En France, la concurrence liée à l’utilisation abusive des noms de races locales représente la source d’inquiétude économique la plus significative. Lutter contre cette concurrence vient en tête des attentes vis-à-vis des politiques publiques.
Le mode d’élevage des porcs de races locales a lieu majoritairement en plein air total ou partiel, surtout en phase d’engraissement et de finition. Cependant, un tiers des participants français déclarent des naissances et du post-sevrage en bâtiment. Pour l’alimentation, les deux tiers des réponses mentionnent le pâturage des porcs et les ressources naturelles qui complètent le plus souvent des aliments composés.
Les porcs sont abattus lourds (150 kg de poids vif en France) et les mâles généralement castrés. Les femelles de certaines races d’Europe du Sud sont ovariectomisées par des vétérinaires pour réduire les contacts avec la faune sauvage et les risques sanitaires. Les pratiques de coupe des queues ou de meulage de dents sont presque inexistantes. La reproduction se fait très majoritairement, et en France presque exclusivement, par saillie naturelle et en race pure, avec un autorenouvellement des femelles dans les élevages.
Très peu de programmes de sélection
Seule une minorité de races locales, comme les porcs ibériques (Espagne) et Alentejano (Portugal), disposent de programmes de sélection. Les autres ont des programmes de conservation dans lesquels les accouplements sont maîtrisés pour limiter l’apparentement entre reproducteurs et gérer la diversité génétique. Le choix des futurs reproducteurs repose ensuite avant tout sur le respect des standards raciaux et l’aspect général des animaux.

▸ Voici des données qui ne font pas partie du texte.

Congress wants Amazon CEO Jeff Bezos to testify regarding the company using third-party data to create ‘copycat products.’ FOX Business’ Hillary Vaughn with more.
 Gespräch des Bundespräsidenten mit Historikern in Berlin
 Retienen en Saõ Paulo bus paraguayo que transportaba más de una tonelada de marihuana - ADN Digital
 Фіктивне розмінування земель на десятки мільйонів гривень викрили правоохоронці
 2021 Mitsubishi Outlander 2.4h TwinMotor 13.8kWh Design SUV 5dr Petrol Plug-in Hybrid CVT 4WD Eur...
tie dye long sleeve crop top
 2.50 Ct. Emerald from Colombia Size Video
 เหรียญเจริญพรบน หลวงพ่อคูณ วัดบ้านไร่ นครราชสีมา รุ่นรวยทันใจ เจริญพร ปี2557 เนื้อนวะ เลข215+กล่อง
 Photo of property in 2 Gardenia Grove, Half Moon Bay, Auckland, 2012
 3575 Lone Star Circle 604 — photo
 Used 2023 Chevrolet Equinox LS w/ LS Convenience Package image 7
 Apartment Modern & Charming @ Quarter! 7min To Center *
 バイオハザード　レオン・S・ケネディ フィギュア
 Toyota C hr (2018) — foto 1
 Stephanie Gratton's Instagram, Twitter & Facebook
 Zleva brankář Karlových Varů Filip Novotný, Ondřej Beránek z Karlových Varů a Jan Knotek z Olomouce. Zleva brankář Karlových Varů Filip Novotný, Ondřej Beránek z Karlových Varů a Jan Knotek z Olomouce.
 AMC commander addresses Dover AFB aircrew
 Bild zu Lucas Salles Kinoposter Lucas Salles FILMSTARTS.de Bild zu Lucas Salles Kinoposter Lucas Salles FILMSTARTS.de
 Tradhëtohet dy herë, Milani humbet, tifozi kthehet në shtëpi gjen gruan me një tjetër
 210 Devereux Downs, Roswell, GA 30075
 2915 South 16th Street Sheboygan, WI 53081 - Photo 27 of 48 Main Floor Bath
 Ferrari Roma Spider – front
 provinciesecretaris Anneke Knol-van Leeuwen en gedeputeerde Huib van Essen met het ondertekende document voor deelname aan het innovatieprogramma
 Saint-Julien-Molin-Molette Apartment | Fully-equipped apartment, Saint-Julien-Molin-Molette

Une majorité des participants (80 %, contre 70 % en France) se disent néanmoins favorables à la sélection. Priorité est donnée aux caractères de reproduction, puis de qualité de viande, sans réelle distinction entre eux en France. Les éleveurs transformateurs tendent à montrer plus d’intérêt que les autres pour les caractères de qualité de viande. Parmi les obstacles à la sélection, les participants retiennent surtout le manque de ressources humaines et financières, ainsi que la diversité des modes d’élevage. Au-delà de l’enquête, les possibilités de sélection de la race porc Gascon seront explorées dans le projet Geronimo.